Voters could overhaul Florida’s regime of mass disenfranchisement.


Voters could overhaul Florida’s regime of mass disenfranchisement

Daniel Nichanian

No state disenfranchises as many of its residents as Florida. A staggering 10 percent of its voting-age population is stripped of the right to vote because of a felony conviction, according to a report the Sentencing Project released in 2016. More than 20 percent of Black adults are affected, an unsurprising racial disparity given the Jim Crow roots of the state’s statutes.
Florida is one of four states that disenfranchise people even after they complete a felony sentence. Floridians must wait for at least five years after the completion of their sentence to even apply for their voting rights to be restored. The application process itself takes many more years, and culminates in a hearing in front of the governor and other statewide officials.

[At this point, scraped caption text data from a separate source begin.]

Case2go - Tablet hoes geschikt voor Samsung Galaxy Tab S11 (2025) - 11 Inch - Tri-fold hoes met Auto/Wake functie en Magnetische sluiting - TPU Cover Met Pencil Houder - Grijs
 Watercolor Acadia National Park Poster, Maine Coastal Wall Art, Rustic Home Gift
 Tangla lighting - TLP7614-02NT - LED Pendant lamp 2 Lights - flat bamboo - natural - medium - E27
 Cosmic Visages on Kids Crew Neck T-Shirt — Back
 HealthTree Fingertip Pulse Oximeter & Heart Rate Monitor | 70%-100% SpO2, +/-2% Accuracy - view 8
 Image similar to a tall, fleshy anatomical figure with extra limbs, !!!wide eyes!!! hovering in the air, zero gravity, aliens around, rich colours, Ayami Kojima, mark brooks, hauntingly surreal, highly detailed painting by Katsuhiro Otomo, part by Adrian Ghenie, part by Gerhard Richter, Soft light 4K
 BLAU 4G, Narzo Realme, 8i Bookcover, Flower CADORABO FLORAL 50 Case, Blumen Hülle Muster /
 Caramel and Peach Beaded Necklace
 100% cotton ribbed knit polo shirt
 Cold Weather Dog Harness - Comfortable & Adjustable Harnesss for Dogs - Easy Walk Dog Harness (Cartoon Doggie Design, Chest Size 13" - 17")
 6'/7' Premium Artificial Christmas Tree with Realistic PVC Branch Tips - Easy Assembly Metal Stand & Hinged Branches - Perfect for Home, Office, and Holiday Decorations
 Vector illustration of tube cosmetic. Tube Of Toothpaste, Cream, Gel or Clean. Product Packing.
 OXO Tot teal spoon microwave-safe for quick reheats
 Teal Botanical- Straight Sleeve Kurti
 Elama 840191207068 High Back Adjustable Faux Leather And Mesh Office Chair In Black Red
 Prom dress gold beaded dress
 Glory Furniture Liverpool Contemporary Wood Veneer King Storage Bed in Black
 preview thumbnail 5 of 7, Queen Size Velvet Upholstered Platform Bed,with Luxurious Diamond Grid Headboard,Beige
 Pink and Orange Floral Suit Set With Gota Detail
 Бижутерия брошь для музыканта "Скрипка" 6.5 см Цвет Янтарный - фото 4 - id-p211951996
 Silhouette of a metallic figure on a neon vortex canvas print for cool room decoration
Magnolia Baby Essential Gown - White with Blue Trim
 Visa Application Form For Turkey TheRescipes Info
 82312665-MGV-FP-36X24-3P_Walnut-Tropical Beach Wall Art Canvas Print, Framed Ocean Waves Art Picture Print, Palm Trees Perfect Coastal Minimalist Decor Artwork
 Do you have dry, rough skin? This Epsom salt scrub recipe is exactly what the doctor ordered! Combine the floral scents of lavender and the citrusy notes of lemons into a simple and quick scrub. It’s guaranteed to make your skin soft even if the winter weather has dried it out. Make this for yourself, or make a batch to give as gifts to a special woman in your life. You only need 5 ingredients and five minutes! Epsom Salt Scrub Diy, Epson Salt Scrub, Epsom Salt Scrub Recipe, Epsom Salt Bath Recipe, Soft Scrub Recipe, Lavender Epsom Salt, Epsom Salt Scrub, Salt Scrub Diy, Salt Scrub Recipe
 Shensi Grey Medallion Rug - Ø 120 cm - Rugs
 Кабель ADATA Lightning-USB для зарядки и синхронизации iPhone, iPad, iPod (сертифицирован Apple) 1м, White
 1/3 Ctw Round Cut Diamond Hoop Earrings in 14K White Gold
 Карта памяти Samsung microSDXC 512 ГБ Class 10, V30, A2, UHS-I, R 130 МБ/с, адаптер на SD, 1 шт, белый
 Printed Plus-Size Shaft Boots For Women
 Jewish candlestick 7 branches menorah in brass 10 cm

The board enjoys full discretion over what and how to decide, and over what questions to ask applicants, and it only hears a few hundred cases a year. Under Governor Rick Scott’s tenure, which began in 2011, Florida has restored the voting rights of approximately only 3,000 people.
Amendment 4 would overhaul this system. It would enfranchise an estimated 1.5 million people by automatically restoring people’s voting rights once they complete a felony sentence, except for people convicted of murder or a sexual offense. The amendment needs the support of 60 percent of voters, a threshold that polls suggests is realistic.
But of course a significant share of Floridiansthe very people whose rights are being decidedare barred from participating.
This referendum is the culmination of organizing efforts led by the Florida Rights Restoration Coalition and its president Desmond Meade, who is himself disenfranchised. Mother Jones and the New York Times Magazine recently published in-depth profiles of the coalition’s work.


Update: Floridians adopted Amendment 4, which received the support of 64.5 percent of the vote.